=== Listed entries ===

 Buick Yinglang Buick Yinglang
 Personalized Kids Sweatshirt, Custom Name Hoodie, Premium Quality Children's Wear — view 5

===
=== Listed entries ===

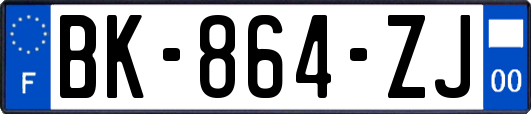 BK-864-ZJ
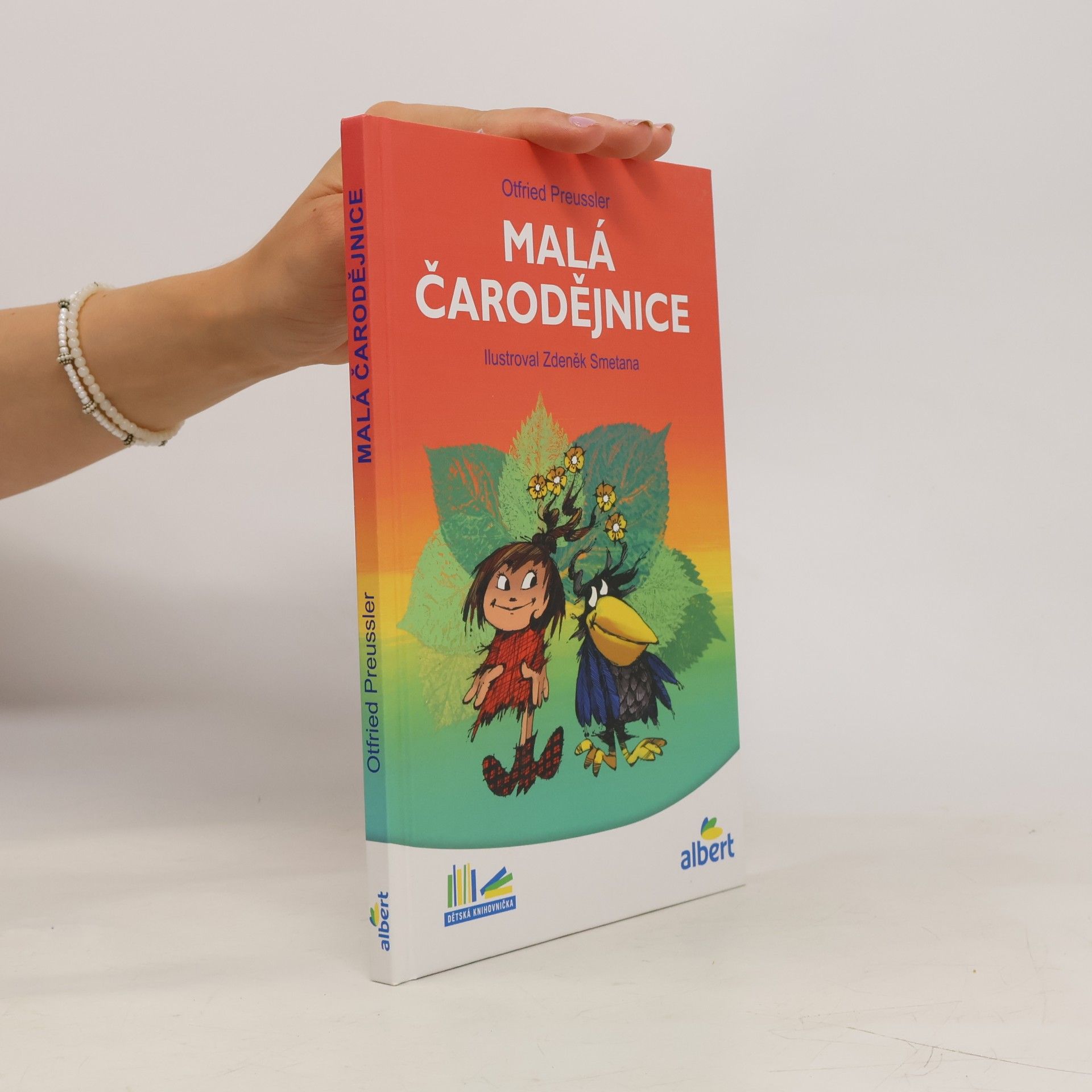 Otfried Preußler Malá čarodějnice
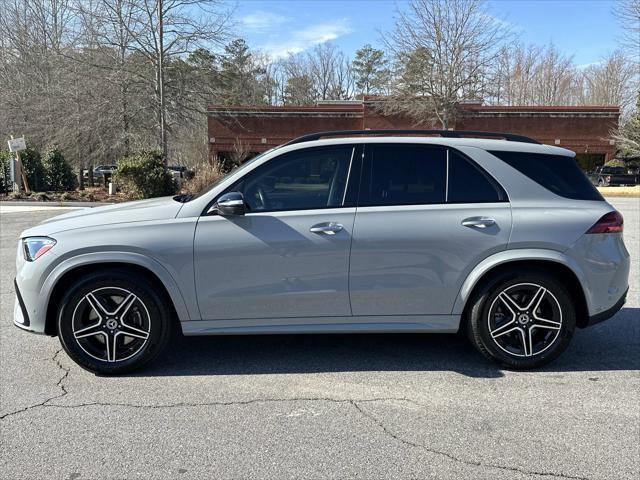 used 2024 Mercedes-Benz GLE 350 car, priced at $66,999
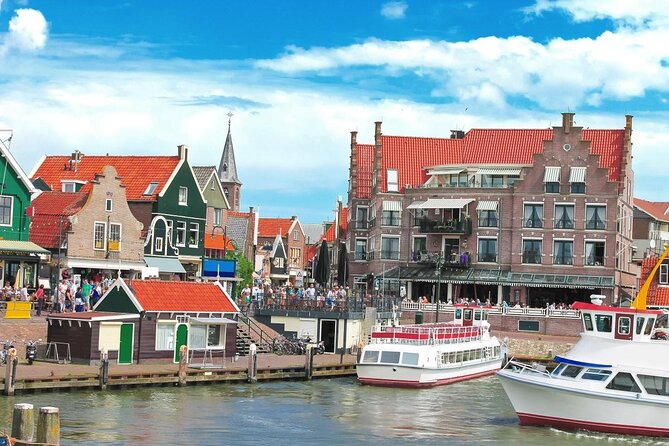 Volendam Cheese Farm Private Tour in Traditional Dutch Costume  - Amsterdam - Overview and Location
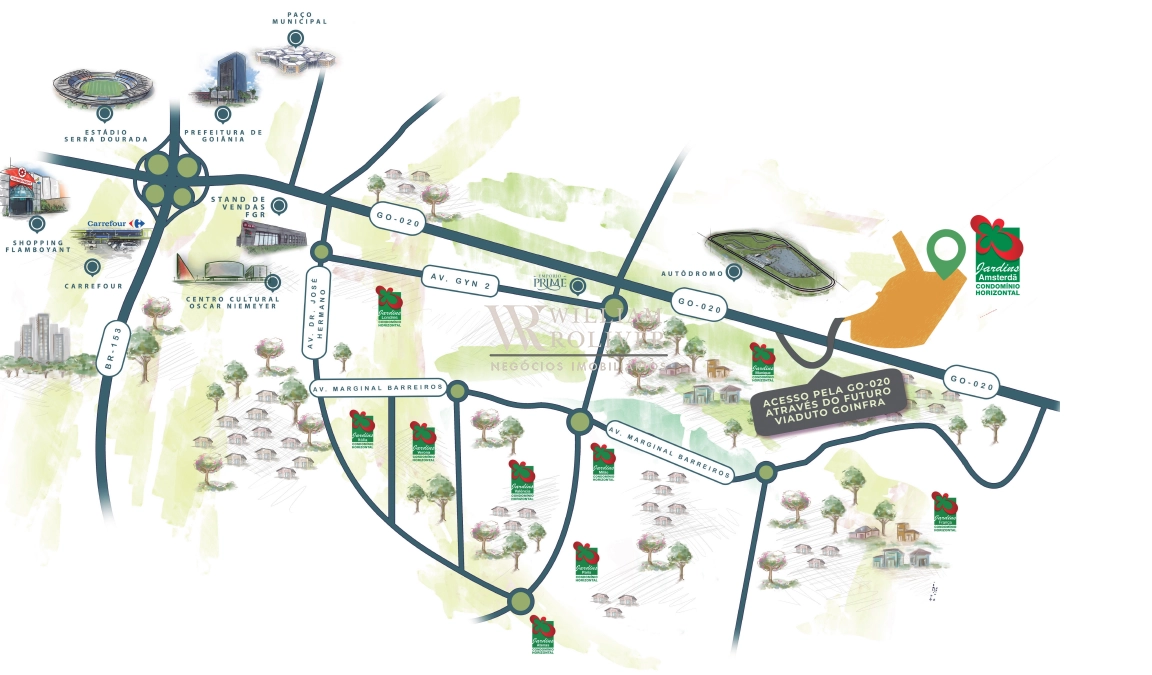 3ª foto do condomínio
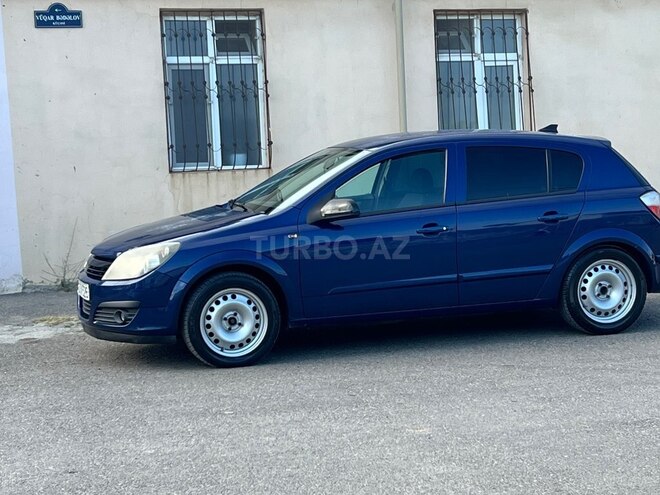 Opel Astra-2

===

_Work item_.
Each line above starting at the one holding "Otfried Preußler Malá čarodějnice" and ending at the one holding "Opel Astra-2" should be set down exactly as it stands, both ends included, with no pictures.

_Written answer_.
 Otfried Preußler Malá čarodějnice
 used 2024 Mercedes-Benz GLE 350 car, priced at $66,999
 Volendam Cheese Farm Private Tour in Traditional Dutch Costume  - Amsterdam - Overview and Location
 3ª foto do condomínio
 Opel Astra-2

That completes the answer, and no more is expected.